Steinbeck, ant fungus and the Zombie apocalypse
On why we play video games and read books.
Are you a gamer?
Full disclosure: I’m not and never have been.
Aside from a brief phase of being obsessed with an idiotic jumping coyote game called Crash Bandicoot when I was 15 (in which obsession I was apparently not alone), gaming has always left me with a deeply unsatisfied feeling.
You know the one. It’s the same feeling you get from clickbait or scrolling social media. The next thing will be something good, no, the next, no, the next, keep going.
Etc, ad infinitum.
As a kid, I encountered it in Inspector Gadget and Teenage Mutant Ninja Turtle cartoons (The bad guy always gets away at the end!
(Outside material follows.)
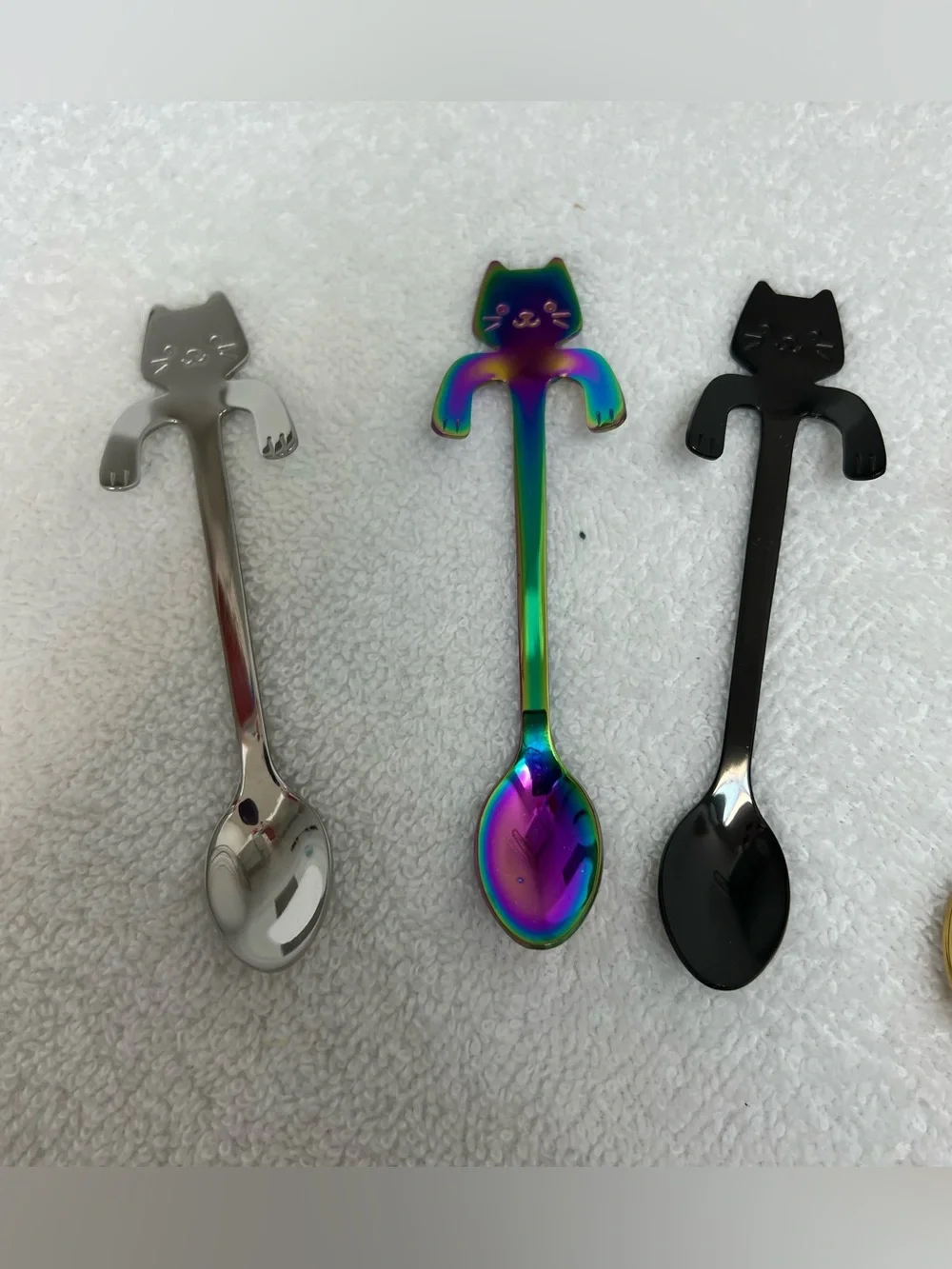 Unbranded Stainless Steel Set of 5 Tea Spoons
There’s never any satisfying resolution!) or those awful Choose Your Own Adventure books that took you round and round in unsatisfying circles and never seemed to go anywhere.
Gaming has always struck me as being like that. Primarily a drip feed thing: repetitive, hypnotic, addictive. It’s for the junkies with the itchy trigger finger. Keep scrolling for likes, keep shooting the zombies. The only computer game that ever kept me engaged was Kings Quest VI when I was nine, an adventure quest the precise details of which escape me now but I remember there was a labyrinth and a minotaur and a boatman across the River Styx and riddles to be solved. I played it for hours and hours in 1994 on a grey desktop monitor with dial-up internet. [Side note: I recently learned that it now enjoys cult status among gamers].
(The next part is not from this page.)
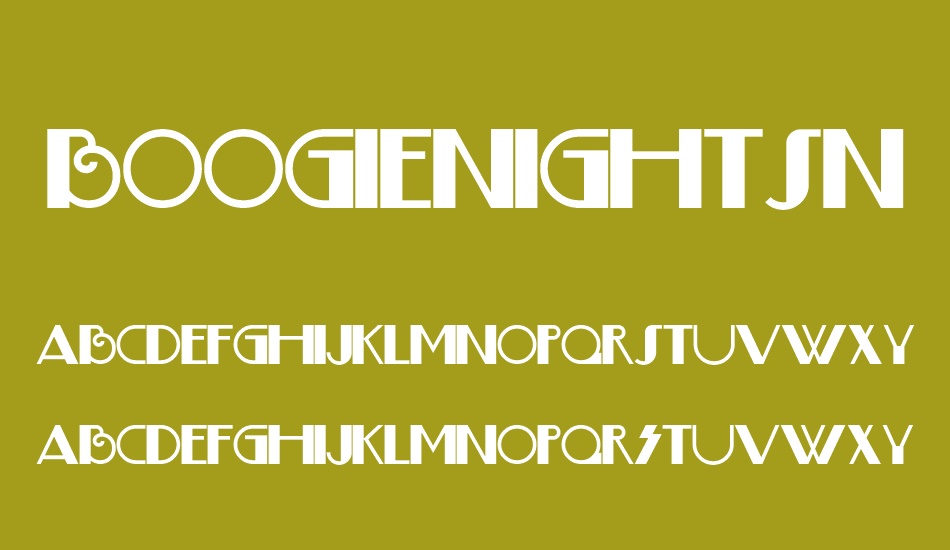 BoogieNightsNF font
Anyway, apart from King’s Quest, there was nothing. I remember cruising totally uninterested past the early days of Mario Bros. Arresting TV commercials that ended with “Sega!” are all that really stick in the mind.
So, with the greatest will in the world, I concluded gaming is just not my thing. And while I appreciate that things have moved on considerably since 1994, I’ve never yet been tempted to reconsider my assessment.
Until now.
This is why.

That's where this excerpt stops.